CVE-2018-5745 : What You Need to Know
Learn about CVE-2018-5745, a vulnerability in BIND servers causing unexpected terminations due to key rollover issues. Find out the impacted systems and versions, exploitation details, and mitigation steps.
CVE-2018-5745, also known as "An assertion failure can occur if a trust anchor rolls over to an unsupported key algorithm when using managed-keys," is a vulnerability affecting BIND servers that can lead to unexpected terminations due to key rollover issues.
Understanding CVE-2018-5745
This CVE involves a flaw in the "managed-keys" feature of BIND, impacting various versions of the software.
What is CVE-2018-5745?
The vulnerability in BIND's "managed-keys" feature can cause a server to terminate unexpectedly if an unsupported algorithm is used during key rollover, leading to assertion failures.
The Impact of CVE-2018-5745
The vulnerability has a CVSS base score of 4.9, with a medium severity rating. It requires high privileges for exploitation and has a high availability impact.

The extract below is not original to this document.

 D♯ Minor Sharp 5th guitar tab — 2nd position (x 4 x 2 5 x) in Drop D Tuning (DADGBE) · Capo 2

Technical Details of CVE-2018-5745
The technical aspects of this CVE provide insights into the vulnerability's description, affected systems, and exploitation mechanism.
Vulnerability Description
The flaw in the managed-keys feature can trigger BIND servers to exit unexpectedly if unsupported algorithms are used during key rollover.

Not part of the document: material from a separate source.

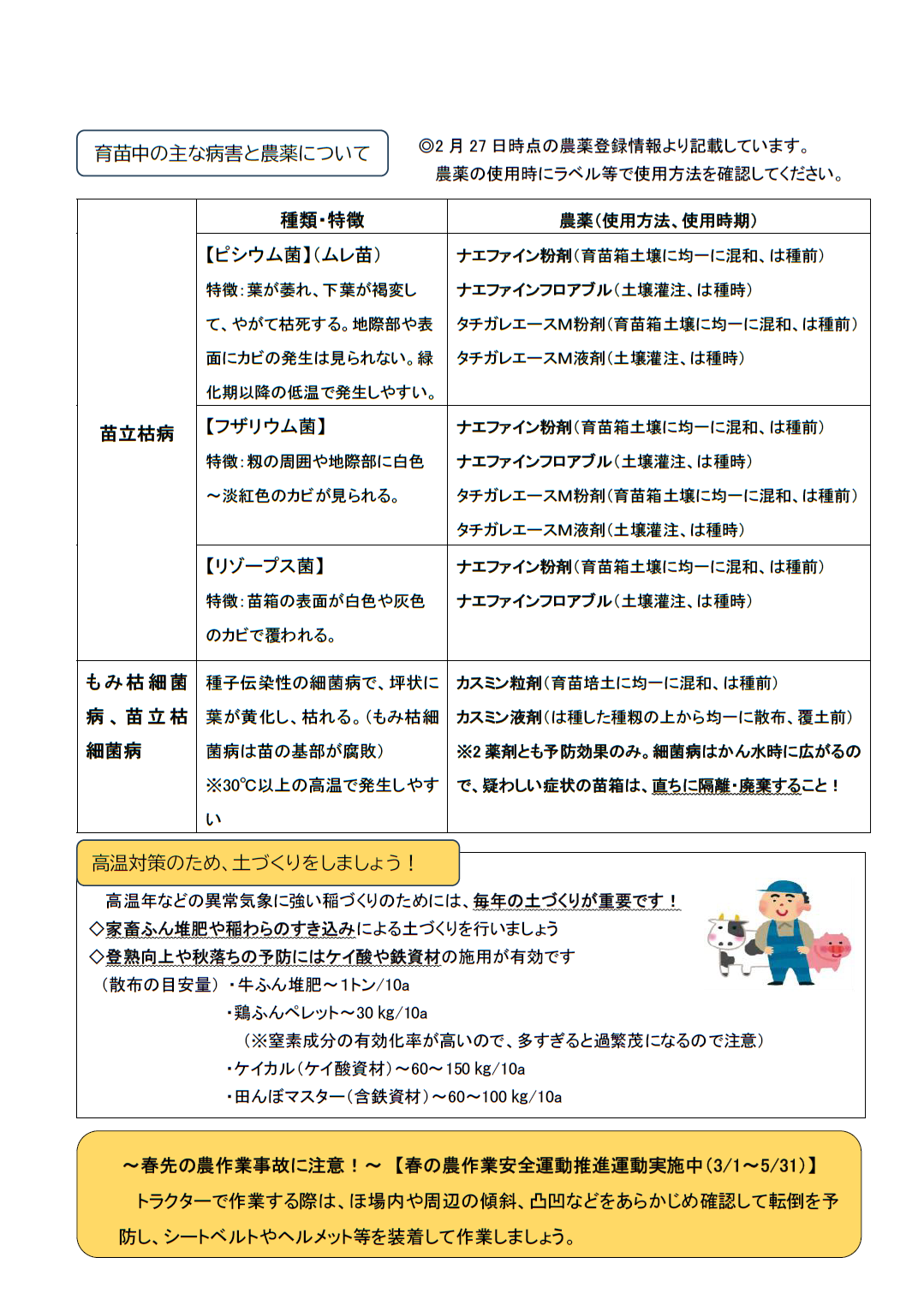 稲作情報第1号_2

Affected Systems and Versions
- Versions affected include BIND 9.9.0 to 9.10.8-P1, 9.11.0 to 9.11.5-P1, 9.12.0 to 9.12.3-P1, and versions 9.9.3-S1 to 9.11.5-S3 of BIND 9 Supported Preview Edition.
- Additionally, versions 9.13.0 to 9.13.6 of the 9.13 development branch are impacted.

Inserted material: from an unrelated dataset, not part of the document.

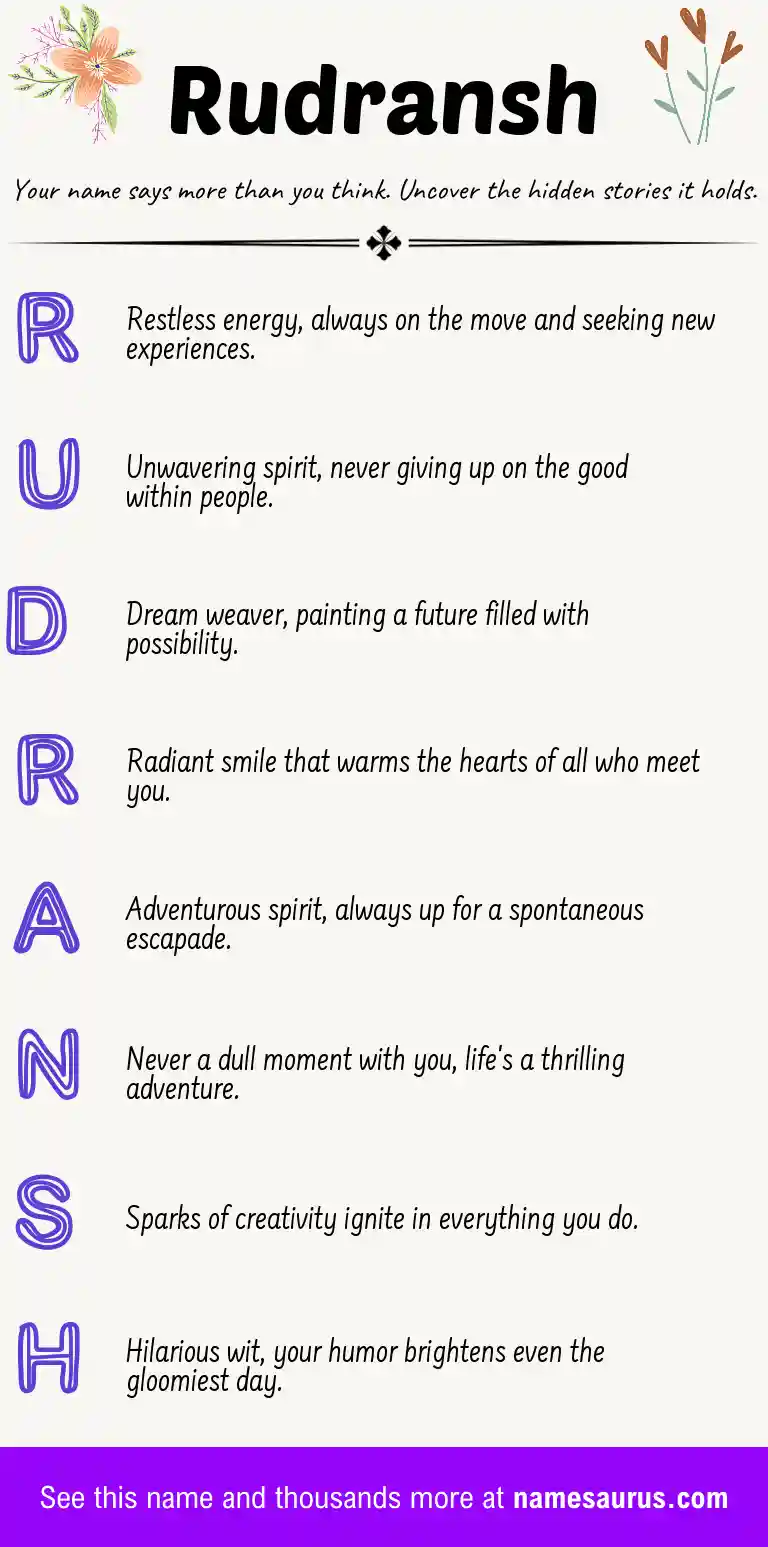 Acrostic poem about Rudransh.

- Versions prior to BIND 9.9.0 have not been evaluated for this vulnerability.
Exploitation Mechanism
The vulnerability requires an operator to have BIND configured to use a trust anchor managed by the attacker, making it challenging for arbitrary attackers to exploit. However, if successfully exercised, it can cause named to exit after encountering an assertion failure.
Mitigation and Prevention
To address CVE-2018-5745, specific steps need to be taken to mitigate the risk and prevent exploitation.
Immediate Steps to Take
- Upgrade to a version of BIND containing a fix to prevent assertion failures, such as BIND 9.11.5-P4 or BIND 9.12.3-P4.
- For BIND Supported Preview Edition users, upgrade to BIND 9.11.5-S5.
Long-Term Security Practices
- Regularly update BIND to the latest versions to ensure security patches are applied promptly.
- Monitor vendor advisories and security alerts for any new developments related to BIND vulnerabilities.
Patching and Updates
Stay informed about the latest patches and updates released by ISC to address vulnerabilities like CVE-2018-5745.